Jimi Hendrix Experience – Are you experienced
Rimaniamo a Monterey perché il 18 giugno, l’ultimo del Festival, sul palco sale un ventiquattrenne poco conosciuto che ha fatto la spola tra i suoi States e il Regno Unito e che riesce per l’occasione ad esibirsi solo grazie all’insistenza di Paul McCartney che lo ritiene «an absolute ace on the guitar». Il chitarrista ha da poco pubblicato il suo primo album “Are You Experienced” insieme al bassista Noel Redding e il batterista Mitch Mitchell, un gruppo che porta il suo nome: The Jimi Hendrix Experience. Quella sera Hendrix suonerà nove brani per un totale di quaranta minuti, di cui cinque tratti dall’album: la violenta Hey Joe, l’irriverente Foxy Lady, l’aspro hard rock Can you see me, la dolce ballata Wind Cries Mary e l’iconica Purple Haze, uno dei riff più celebri di sempre. A questo punto arriva il momento di eseguire l’ultimo brano in scaletta, Wild Thing, per quello che sarà l’acme del festival e diverrà uno dei momenti più iconici dell’intera storia del rock.

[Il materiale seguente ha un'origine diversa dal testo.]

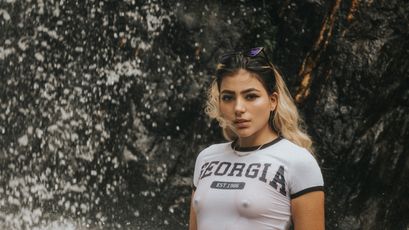 You are currently viewing Dana Haze NEW SKYPE ID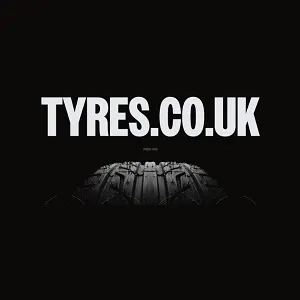Tyres.co.uk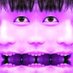 コークリミックス/Coke-Remix🐣(ピヨッ (@8484ha_ato) Twitter profile photo コークリミックス/Coke-Remix🐣(ピヨッ (@8484ha_ato) Twitter profile photo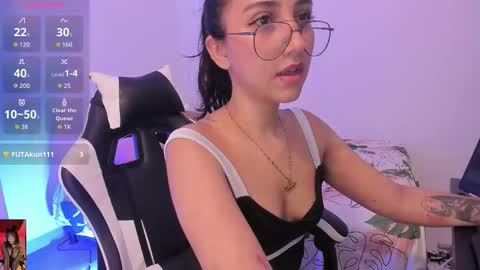 Snapshot of miiller_sofiia chatting on 12, 2, 2026 miiller_sofiia online show from 12, 2, 2026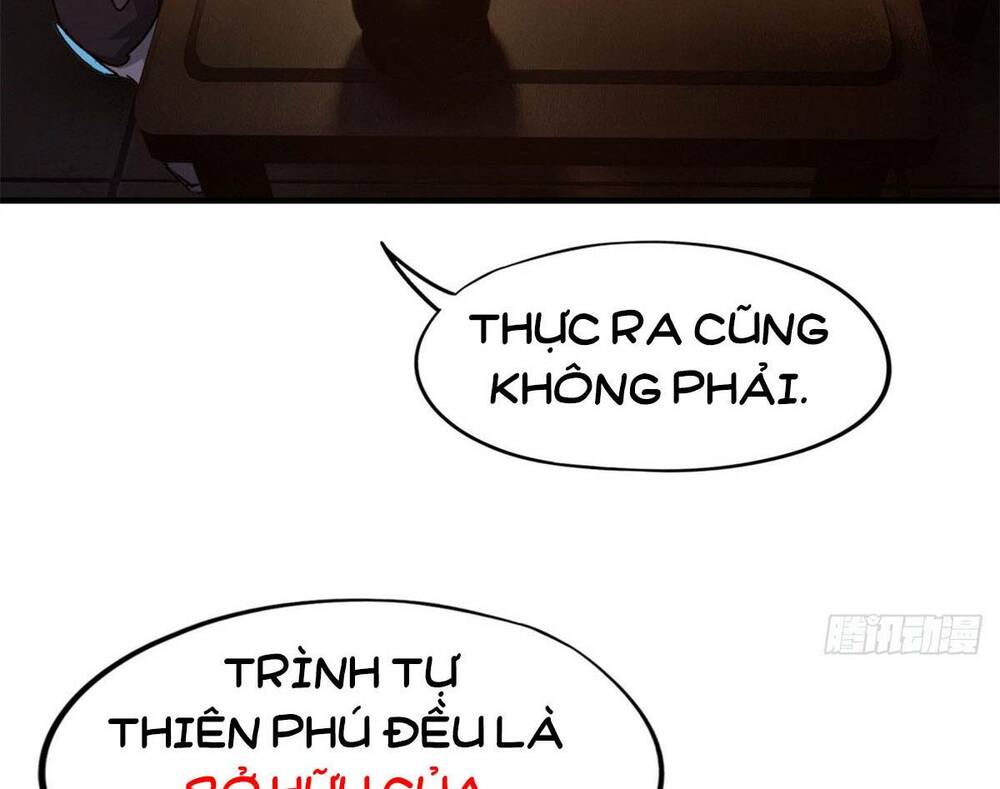 Tận Thế Trò Chơi Ghép Hình Chapter 4 - Trang 2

Di fronte a chitarristi del calibro di Eric Clapton e Pete Townshend Jimi non vuole sfigurare e decide di “sacrificare” la sua Fender già sollecitata oltre ogni immaginazione durante l’esibizione, mimando rapporti sessuali, suonata con i denti e dietro la schiena. «Voleva fare meglio di Townshend (che aveva distrutto il suo strumento poco prima dello show di Hendrix) e chiese se qualcuno del pubblico aveva da accendere…» – ricorda uno dei manager della sua etichetta – «poi dopo averle dato fuoco con il liquido per accendini decise di scaraventarla contro il palco e gli amplificatori, ottenendo suoni infernali e primitivi». Quella serata il guitar-hero Hendrix la ricorderà con queste parole: «Mi è sembrato che stessimo riuscendo a infiammare il mondo intero (…) Così ho deciso di distruggere la chitarra alla fine della canzone. Come forma di sacrificio. Si sacrificano le cose che si amano. Io amo la mia chitarra».